Extracted records:
○ ○ ○ ○

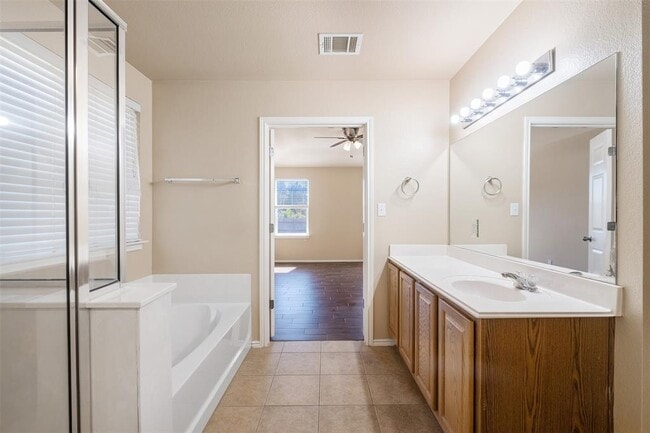 Building Photo - 7800 Little Deer Trail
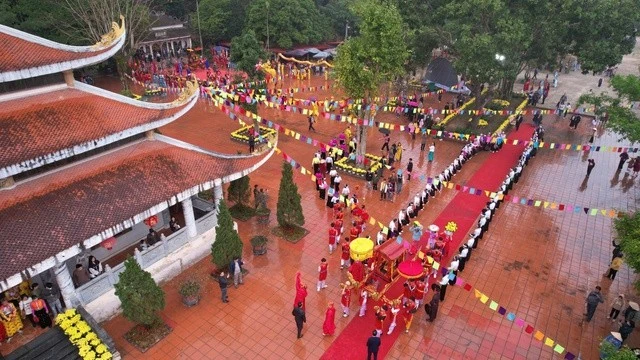 Hàng ngàn du khách đổ về nơi đây trong dịp đầu năm.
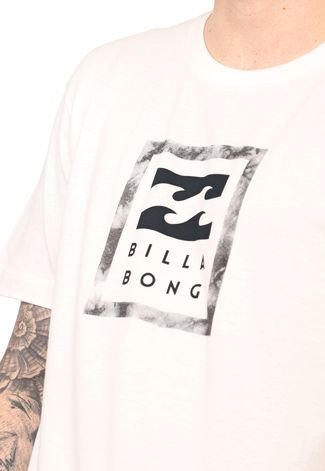 Camiseta Billabong Stacked Stealth Off-White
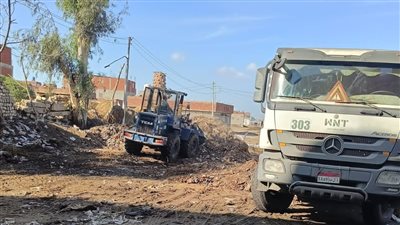 رفع 150 طن من نواتج تطهير ترعة تلبانة في الدقهلية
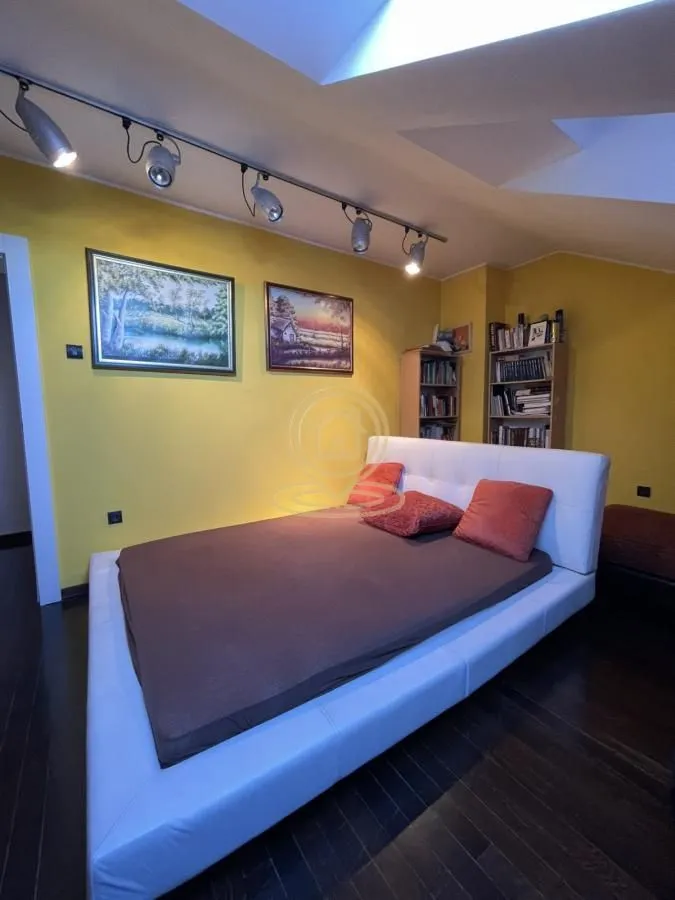 Izdavanje, stan, 310m², Grbavica, Novi Sad Sve Podlokacije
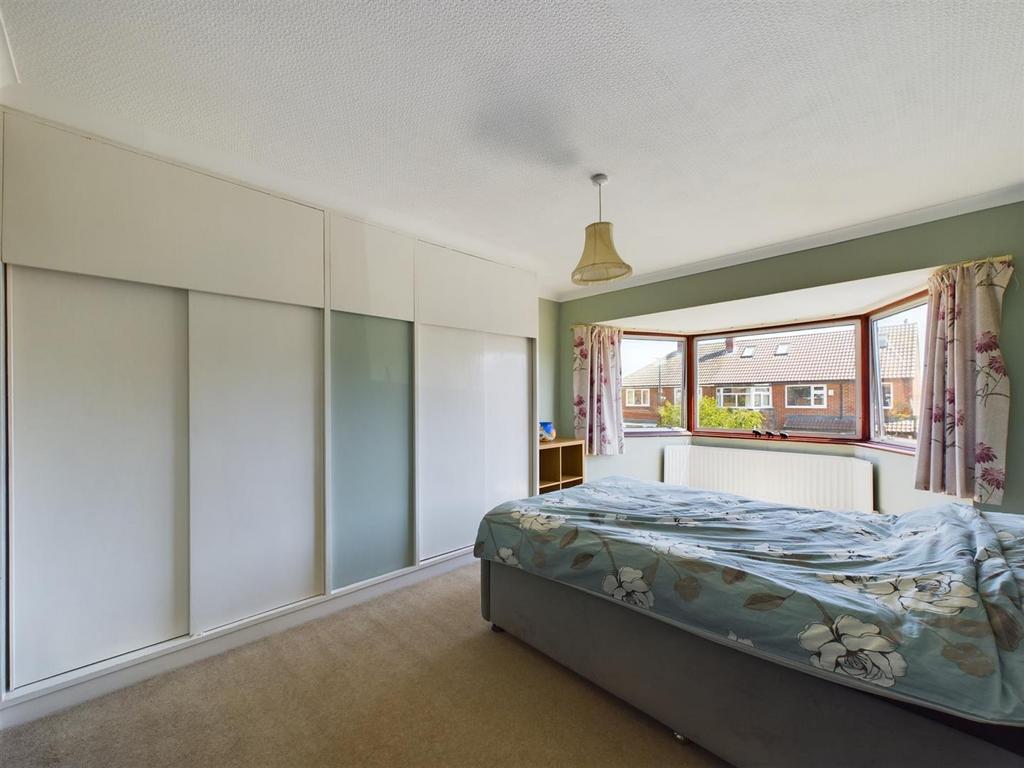 Bed 1.jpg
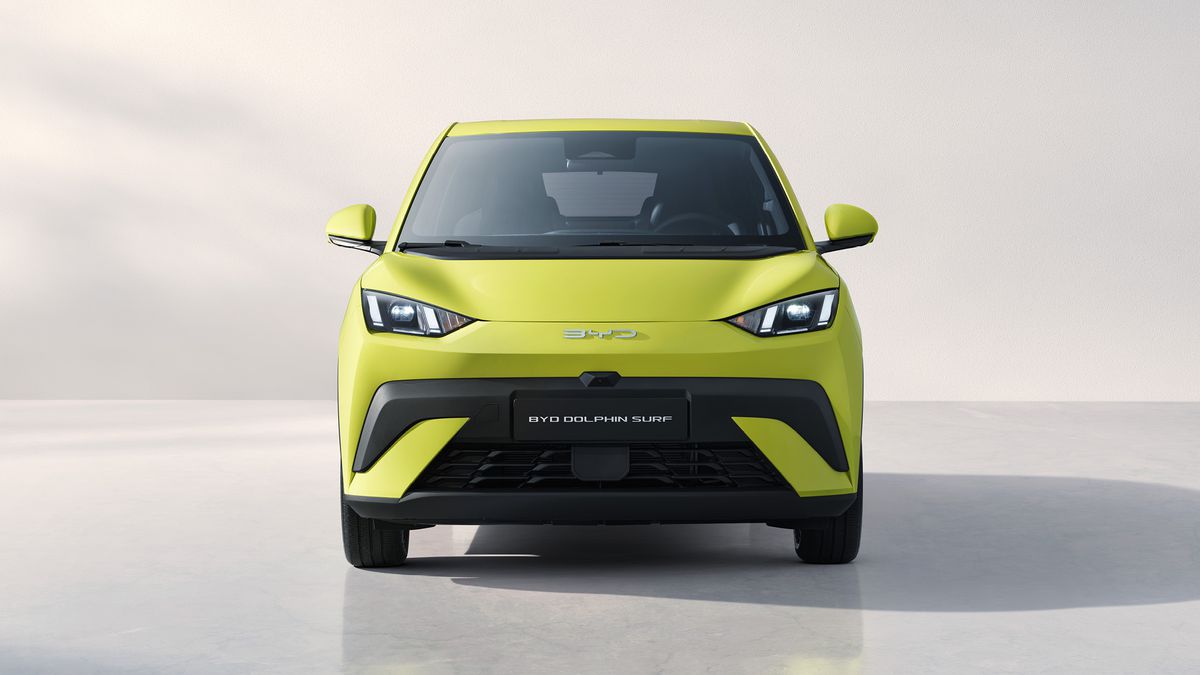 Land Rover și Jaguar, îndepărtate de pe „Barbu Văcărescu” » Noua mașină pe care pariază Ion Țiriac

○ ○ ○ ○

**Problem statement**
Word-for-word repeat, images excluded: return all the data.

**Exercise solution**
 Building Photo - 7800 Little Deer Trail
 Hàng ngàn du khách đổ về nơi đây trong dịp đầu năm.
 Camiseta Billabong Stacked Stealth Off-White
 رفع 150 طن من نواتج تطهير ترعة تلبانة في الدقهلية
 Izdavanje, stan, 310m², Grbavica, Novi Sad Sve Podlokacije
 Bed 1.jpg
 Land Rover și Jaguar, îndepărtate de pe „Barbu Văcărescu” » Noua mașină pe care pariază Ion Țiriac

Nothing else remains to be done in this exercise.